The U.S. climate change plan "will be a comprehensive blend of market incentives and regulations to reduce emissions by encouraging clean and efficient energy technologies. We're willing to include this plan in a binding international agreement, so long as our fellow major economies are prepared to include their plans in such an agreement," Bush said.
The president's speech came one day before major nations met in Paris to discuss climate change and lay the groundwork for a G8 summit in July. "Our objective is to come together on a common approach that will contribute to the negotiations under the U.N. Framework Convention of global climate once the Kyoto Protocol expires in 2012," he said.
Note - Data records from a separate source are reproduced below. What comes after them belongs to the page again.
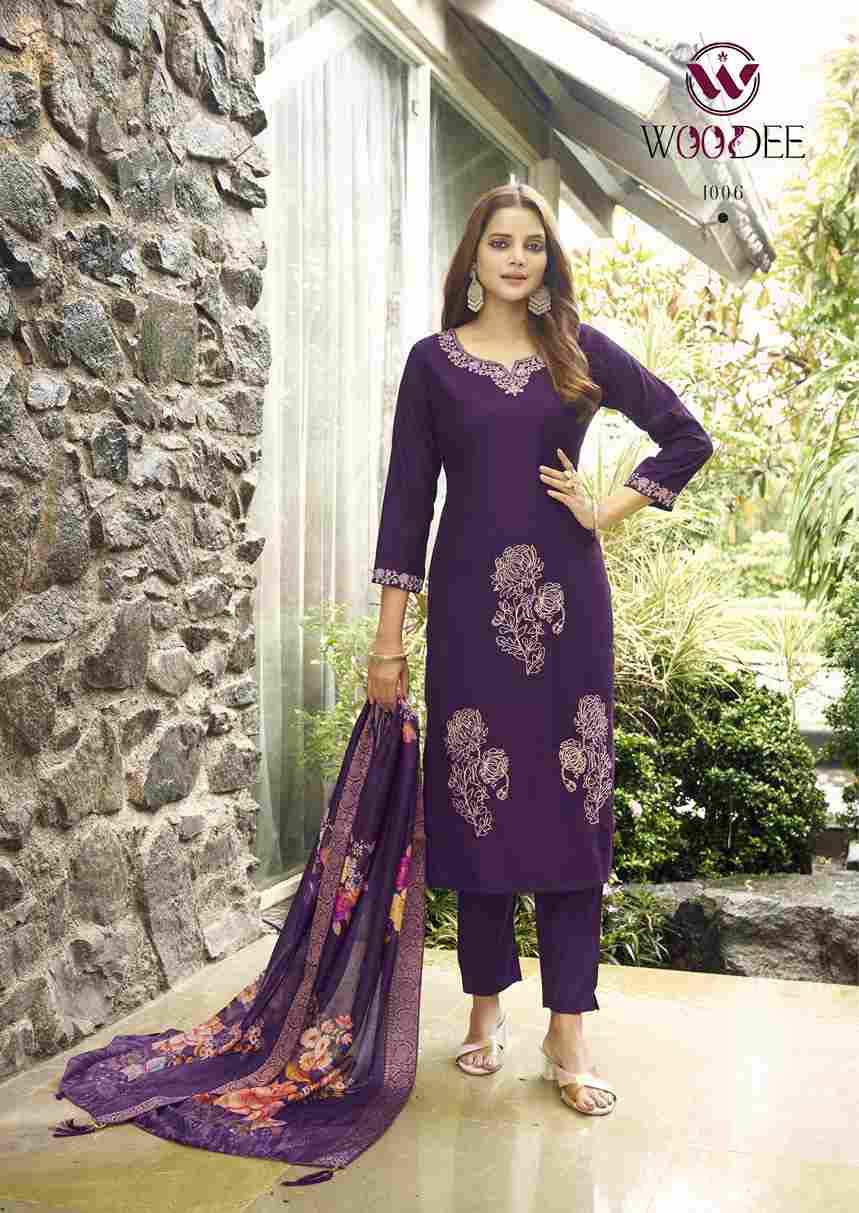 Ritoo By Woodee 1001 To 1006 Series Designer Stylish Fancy Colorful Beautiful Party Wear & Ethnic Wear Collection Viscose Vatican Co-Ord At Wholesale Price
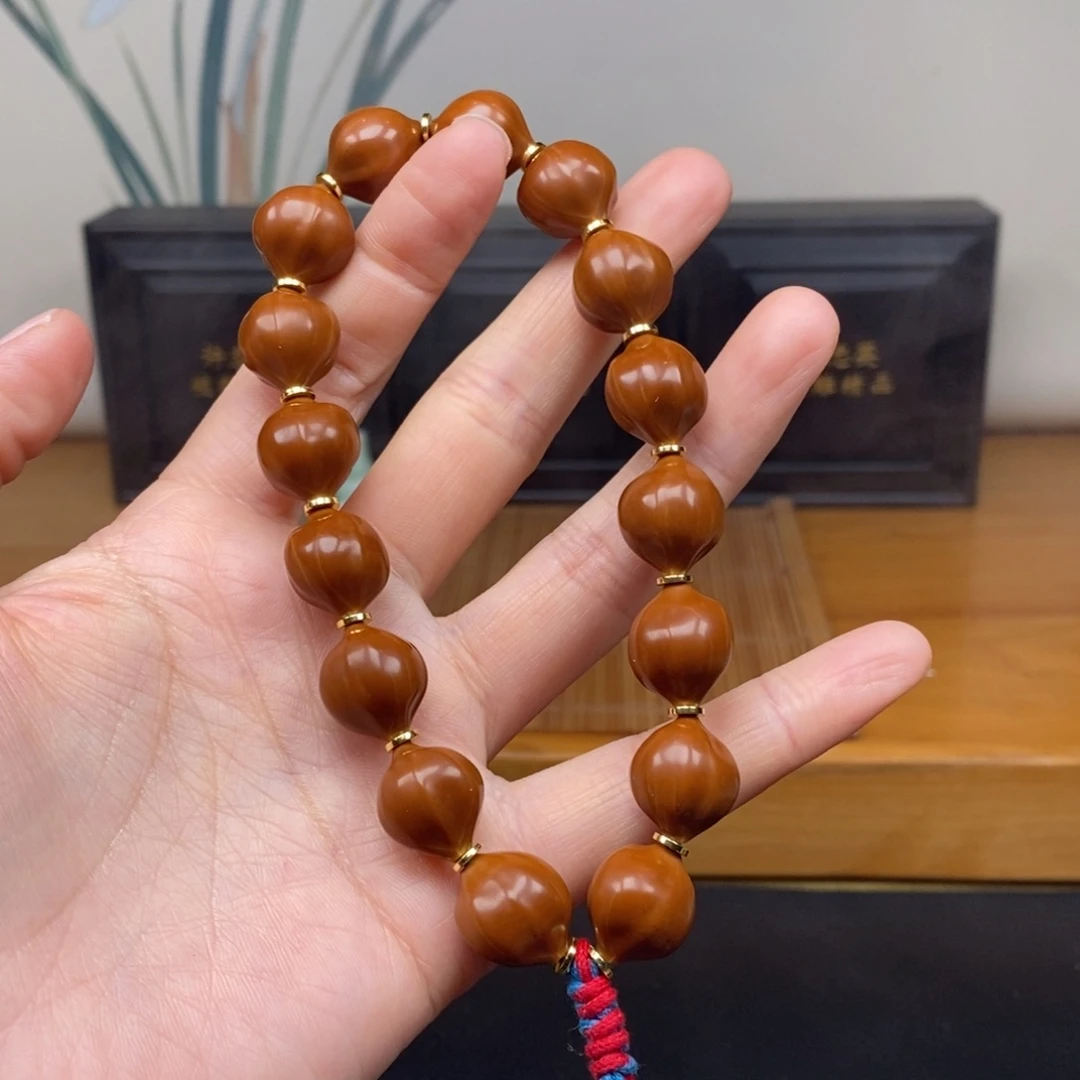 手串橄榄核工作室蜜桃臀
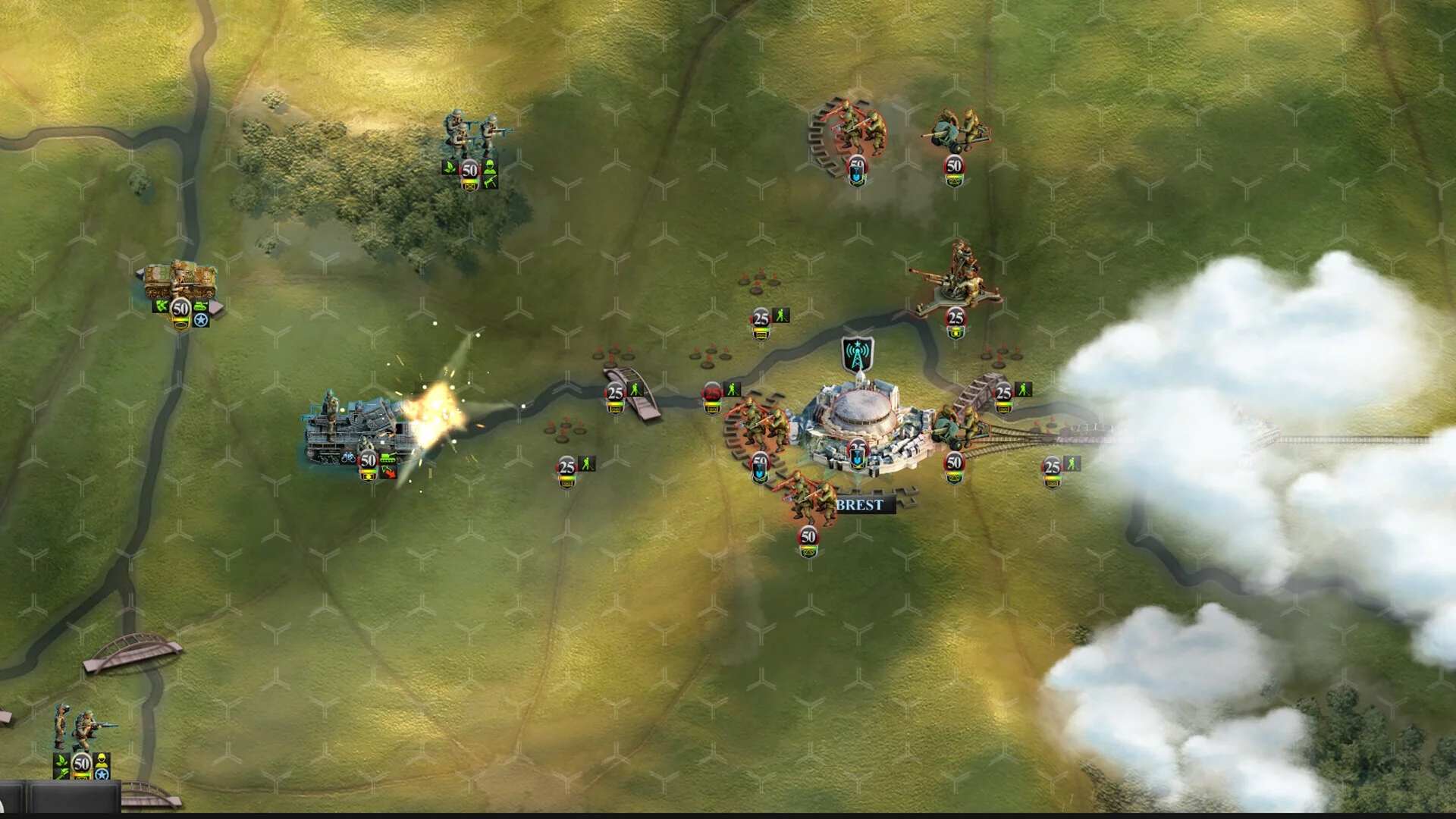 Изображение игры: Frontline: World At War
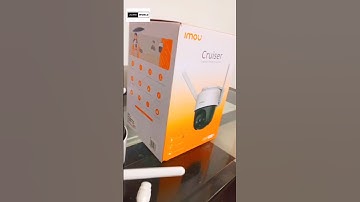 Imou camera installation. Wifi camera. Dahua camera #dahuacctv #imoucamera #wificamera #imou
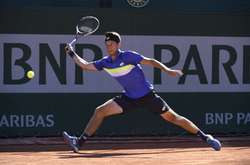 Стаховський зачохлив ракетку на тенісному турнірі у Франції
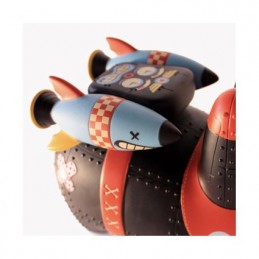 Figuren Kidrobot Yankee Pig Dog Labbit von Kronk ohne Verpackung Genf Shop Schweiz
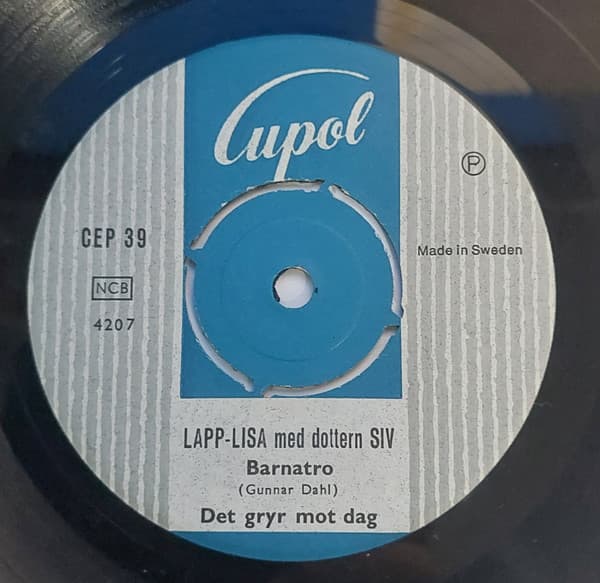 Lapp-Lisa, Siv Öst — Barnatro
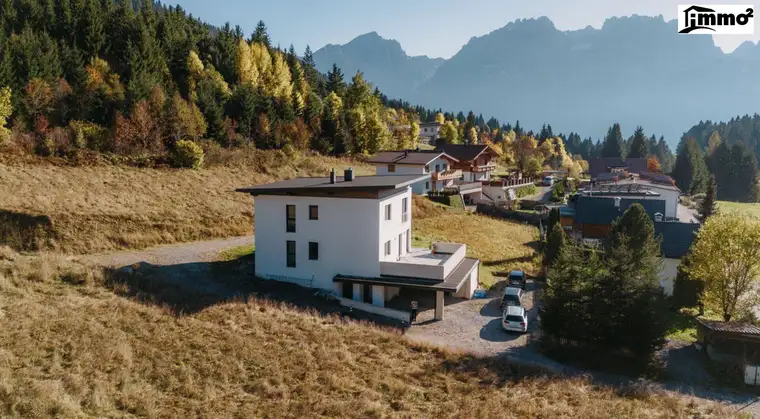 Neubau-Einfamilientraum am Iselsberg mit Dolomitenblick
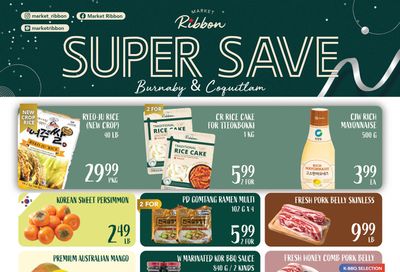 Market Ribbon Flyer November 21 to 27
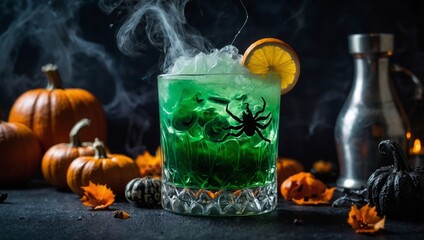 halloween cocktail, halloween party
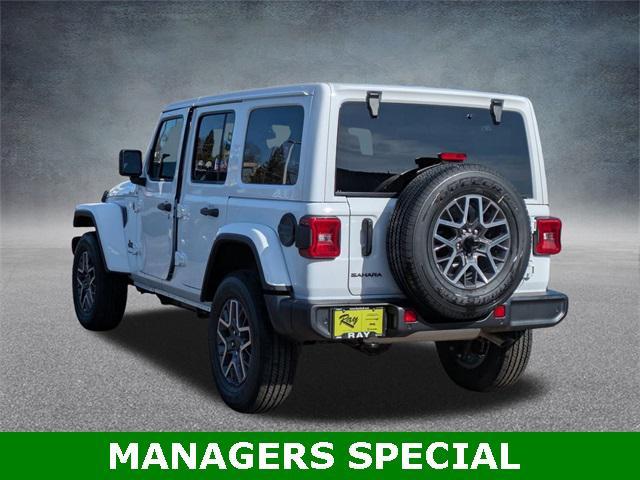 new 2025 Jeep Wrangler car, priced at $51,529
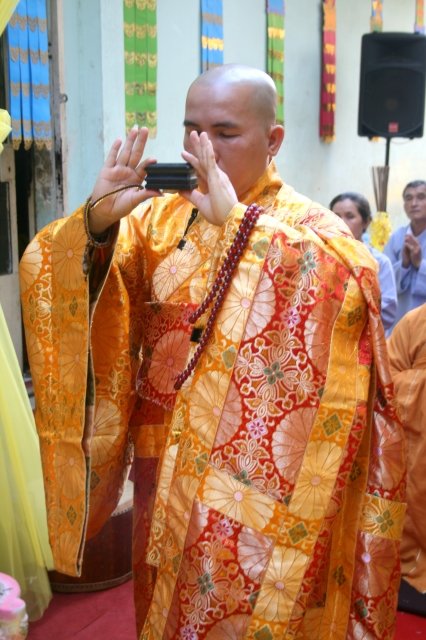 TP. HCM: Chùa Huệ Quang tổ chức trai đàn chẩn tế kỳ siêu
The president's speech "could lead to a positive market response for...clean power generation (wind, solar, geothermal), hybrid vehicles components and U.S. natural gas extraction and to potential selling pressure on coal mining, refining, coal-levered utilities and heavy oil extraction," said Friedman, Billings, Ramsey analyst Kevin Book.
However, Bush's remarks are "unlikely to accelerate congressional passage of cap-and-trade legislation ahead of our base-case time frame of late 2009/early 2010. Nor does this alter our expectations for the initial onset of U.S. regulation in 2012," he said.
The main climate change legislation pending in Congress is sponsored by Sens. Joseph Lieberman (I-CT) and John Warner (R-VA). The bill (S. 2191) proposes to reduce U.S. GHG emissions by as much as 19% below 2005 levels by 2020 and by as much as 63% below 2005 levels by 2050. It would control compliance costs by allowing companies to trade, save and borrow emission allowances, and by allowing them to generate credits when they induce businesses, farms and others to reduce their GHG emissions or capture and store GHG (see NGI, Dec. 10, 2007).
The measure faces stiff opposition. "Multiple energy-user and industrial-emitter constituencies," as well as Republicans in Congress, "share [the] White House opposition to the Warner-Lieberman economywide cap-and-trade proposal," Book said.
Many believe Bush's speech was intended to head off what one White House aide called a "regulatory train...wreck" if Congress should pass mandatory climate change legislation. "We have made our feelings [known] about some of the legislation that's up there now...We don't see anything up there right now that we could support," said White House spokeswoman Dana Perino last Tuesday.
California Gov. Arnold Schwarzenegger returned somewhat to the Republican fold, praising President Bush for acknowledging that the nation and world have a climate change problem. But he reminded the president he has also said the nation has a responsibility to do something to help fix the problem.
Schwarzenegger said the White House needs to go one step farther -- "the time for real action is now."
"Targets for reduction are important, but I'd like to see the federal government follow the lead many states have taken on this issue and approve California's request for a waiver that would enable 17 states to clean their own air of greenhouse gases," the governor said.
Schwarzenegger quibbled with the president's call for goals starting at 2025 levels, noting that his state has set a goal of getting GHG emission levels back to 1990 levels by 2020.
"I am glad that we all recognize the very serious threat in front of us," Schwarzenegger said. "What we need now is the sense of urgency to match that threat."